May 11, 2020
Continuing the Virtual Druid Summit Conversation with Athena Health
Karthik Urs, Athena Health
When an engaged technical audience asks great questions, it’s easy to run out of time during Q&A. And that’s exactly what happened at Virtual Druid Summit! Because our speakers weren’t able to address all of your questions during the live sessions, we’re following up with the answers you deserve in a series of blog posts.
Karthik Urs, Lead Member of Technical Staff, takes on your remaining questions as a follow-up to “Automating CI/CD for Druid Clusters at Athena Health”.
1. I’m wondering if you can talk about how you actually “test” the Druid cluster with your production queries and data?
There are two aspects here. Testing the queries/benchmarking it falls under performance benchmarking/tuning. We have a test bed with multiple frameworks, prominent ones being jmeter and artillery. With this, we focus on concurrency testing and query response times at peak load. A small disclaimer here: we haven’t started playing with cache yet, so our testing on the benchmarking front is nascent.
The second part, which I assume you also wanted to know, is the validation of data. Our source is on Snowflake. We are currently validating the data by running aggregate queries on Snowflake and on Druid and compare them. We also plan to test cardinality of columns, etc. Snowflake has a concept called time travel which is pretty cool. With that, we can run queries on Snowflake going back in time to a state when the ETL was running.
2. Cool system! Have you thought about automating no-downtime rolling upgrades?
Not yet. Though we have the general idea, we haven’t started automating it.
3. Why such large zookeeper nodes? Do they have heavy mem/cpu usage in your cluster?
The zookeeper nodes are large instances. They are 2 vCPUs each and currently, we are doing a complete backfill of data and we have noticed zookeeper getting overwhelmed at peak ingestion/etl time.
4. Do you do auto scaling of your broker or historical nodes based on queries?
That is the plan going forward. We just recently built our LMM stack on ELK and we have enabled log emitters on each node. The next plan is to scale brokers up based on CPU utilization, # of threads (CLOSED_WAIT mainly, we don’t understand how threads behave in the Druid environment yet) and requests/minute.

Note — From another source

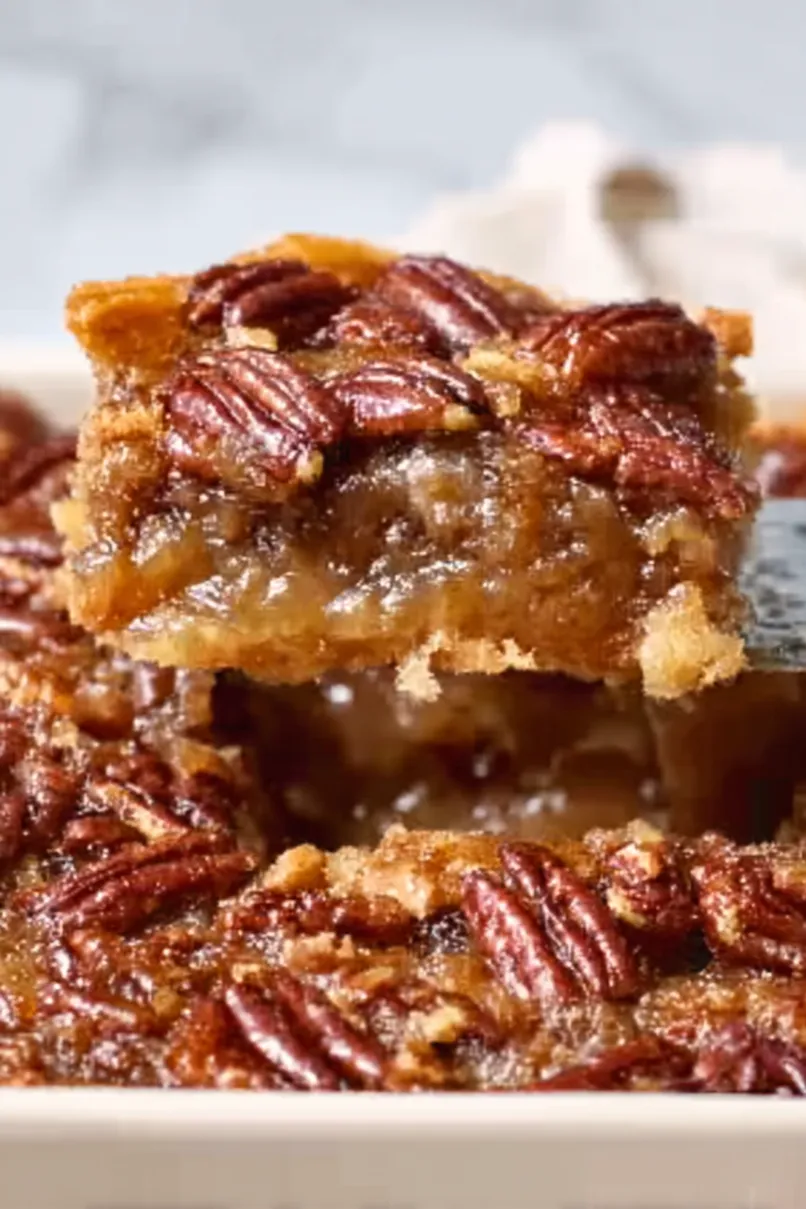 Healthy Twist on Pecan Pie Cobbler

5. How is the state maintained for historical? Specifically, how do you handle if a historical node goes down in regards to state?
We are not explicitly handling it (yet). Our understanding is, as long as coordinator is alive and well, it manages the state of historicals. We haven’t put any safeguards in place yet. Looking forward to postmortems of other folks who may have encountered problems in this specific area.
6. How did you handle downtime in production when data transfers from deep storage to historical takes time? For example, when we want to change our instance type. Did you add new servers first and remove the existing ones?
We are not in production yet, but are getting close. We indeed want to have rolling updates on historicals.